Monsieur le Président, mesdames, messieurs, pensez-vous qu’on peut parler de cohésion nationale quand il n’y a pas de justice et l’égalité entre les citoyens tchadiens ?
Peut-on parler de cohésion nationale lorsqu’un groupe ethnique s’accapare des richesses du pays au détriment du reste de la population ?
Peut-on parler de cohésion nationale quand une minorité des tchadien vit dans l’opulence et se moque royalement de la pauvreté et de la misère des autres tchadiens ?

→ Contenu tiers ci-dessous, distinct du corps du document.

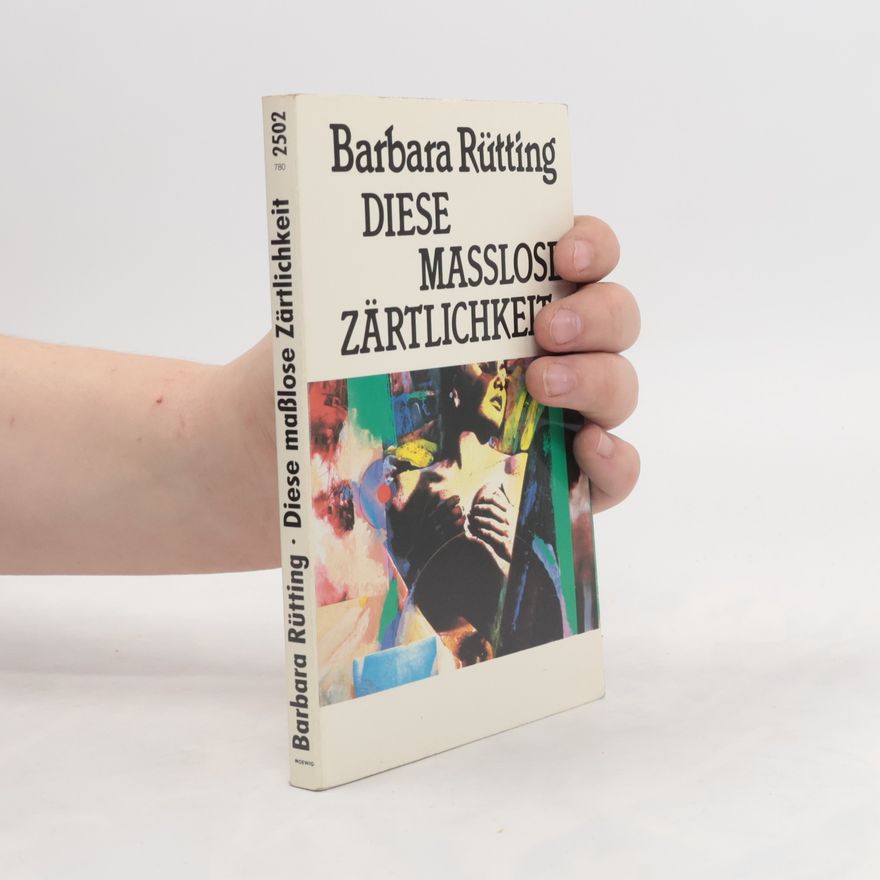 Barbara Rütting Diese masslose Zärtlichkeit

NON, car il ne peut y avoir cohésion nationale que si l’Etat garantit à tous les citoyens tchadiens leur droit d’accès à l’éducation et à une santé de qualité ; le droit de vivre dignement dans la justice et l’égalité ;
D’ailleurs c’est ce qui est consacré par la Constitution Tchadienne en son article 5 qui dispose que « La République du Tchad reconnaît et garantit l’égalité devant la loi de tous les citoyens sans distinction d’origine, de race, de sexe, de religion, d’opinion, politique ou de position sociale. Elle a pour fondement la séparation de l’Etat et des religions ».

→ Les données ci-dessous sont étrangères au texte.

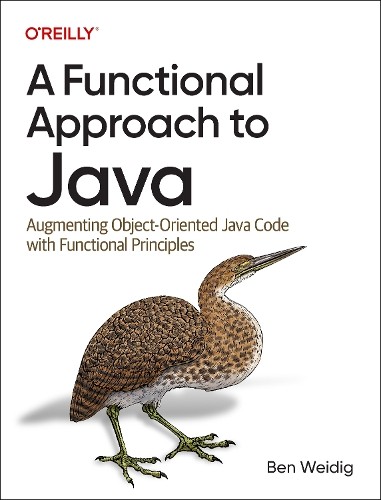Ben Weidig A Functional Approach to Java (Tascabile)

L’Etat qui est censé mettre en place une politique de cohésion Nationale fondée sur la justice et l’égalité s’érige malheureusement en acteur de politique anti-cohésion à travers des actes et des décisions pris au quotidien, conduisant tous les jours un peu plus le peuple Tchadien à la dérive ;
La cohésion Nationale au-delà d’être un impératif moral pour les citoyens est également une obligation légale pour l’Etat car il est dit à l’article 9 de la constitution que : « L’Etat a le devoir d’assurer la sécurité de chaque citoyen dans le respect de sa dignité » ;
Comme obligation légale, point n’est besoin de démontrer que l’Etat a failli ; En effet, la gabegie, les nominations basées sur des considérations ethniques et communautaires, les impunités, les injustices sociales sont monnaie courante dans notre pays;
Comme impératif moral, la cohésion nationale est mal et très peu comprise de nos compatriotes. Les divisions ethniques, culturelles, communautaires et religieuses ne sont plus un secret pour personne que notre pays. Nous le savons certaines ethniques se croient meilleurs que d’autre, se moquent des traditions et des rites des autres et j’en passe……..;
Les musulmans pensent que leur religion est meilleure que celles des chrétiens ; Et même dans le camp des chrétiens, les protestants croient que leur façon de prière Dieu est meilleure que celle des catholiques ;
En même temps que peut attendre d’un pays qui compte plus d’une centaine de langue et d’ethnies pour une population de moins de vingt millions d’habitants ? ;
Je suis conscient que ma plaidoirie peut susciter la réaction de l’auditoire, peut-être parce qu’il n’appréhende pas les choses de la même façon que moi;
C’est un sujet brulant, certes, mais en tant jeune tchadienne, c’est un devoir de génération que de dire tout haut les murmures et frustrations du peuple qui n’a que trop subi ;
Pour reprendre la célèbre citation de l’écrivain Aimé Césaire : « ma bouche sera la bouche des malheurs qui n’ont point de bouche, ma voix, la liberté de celles qui s’affaissent au cachot du désespoir » ; car me taire, ce serait trahir mon devoir de génération
Monsieur le président, mesdames, messieurs, honorable auditoire, qu’il me soit permis de finir ma plaidoirie sur un message d’espoir ;
Oui, l’espoir est permis, car je suis intimement persuadée qu’il est possible de changer le cours de notre destins commun ;
Si la cohésion nationale est un mythe, il nous appartient à nous tous ici présent d’en faire une réalité, n’est-ce pas dit ton que vouloir c’est pouvoir ?
Le Rwanda n’a-t-il pas surpassé le Génocide de 1994, sans nul doute l’un des massacres les plus meurtrier de l’histoire de l’humanité, orchestré par les rwandais contre les rwandais pour devenir aujourd’hui un peuple uni en parfaite cohésion ?
Cependant pour y parvenir, l’Etat doit :
Revoir ses pratiques discriminatoires ;
Mettre en œuvre des politiques publiques inclusives basées sur l’égalité ;
Garantir une justice impartiale et une réconciliation nationale.
Ce n’est qu’à ces conditions que l’Etat jouerait pleinement le rôle qui est le sien, celui de garant de la cohésion nationale.